I grew up hearing Irish music in the house (Clancy Brothers, Irish Rovers), and not just on St. Patrick's Day. I've always been conscious of being Irish and have drawn a sense of pride from it. Ethnic identity can be a powerful good, but it can also be ugly. Keeping the former without the latter can be tricky.
When I teach the subject of nationalism in Western Civ, I have the students read a piece from 1789 by Richard Price. As an Enlightenment thinker, Price warns that love of country "which is our duty, does not imply any conviction of the superior value of it to other countries." Every celebration of one's nationality or heritage threatens to bleed over into "love of domination; a desire of conquest, and a thirst for grandeur and glory."
So how do we keep ethnic pride from becoming something ugly? Guisseppe Mazzini, the 19th century Italian nationalist, said we do it by always remembering that in "labouring for our own country on the right principle, we labour for Humanity." Have pride in your own, but always remember that you and your people are part of all Humanity, no better, no worse.
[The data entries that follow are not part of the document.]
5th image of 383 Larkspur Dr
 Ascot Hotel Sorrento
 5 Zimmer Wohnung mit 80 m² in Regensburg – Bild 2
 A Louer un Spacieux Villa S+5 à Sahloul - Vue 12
Looking back, I can now realize when I was taught that lesson. I grew up in the 1960s and 1970s, when the civil rights revolution was taking place. I was a child and had a limited sense of the events going on around me, but at some point something must have registered with me. I don't remember exactly when, but I must have asked my Dad about it. His exact words are lost, but the sentiment stuck with me.
He reminded me that we were Irish, and that when the Irish first came to the United States, they sometimes suffered discrimination. (Family legend has it that the name was originally "O'Byrne" and the "O" was dropped and the "S" added to make it sound less Irish.) If it was wrong to do that to them then, he told me, it was wrong to do it to black Americans now too.
As I learned more about the history, I realized that the two situations were not exactly comparable, but the simple lesson held true: if it is wrong when it is done to one of your own, it is wrong when it is done to anyone. Simple enough for a child to understand, easily forgotten by too many adults.
This is the right way to use ethnic pride--not to exalt some over others, but to reinforce our common humanity; to unite, not divide; to foster empathy, not hatred.
So St. Patrick's Day is not a day for me to lord my Irish heritage over all of you unfortunate enough to not share it (as tempting as that is), but to celebrate the Irish in everyone.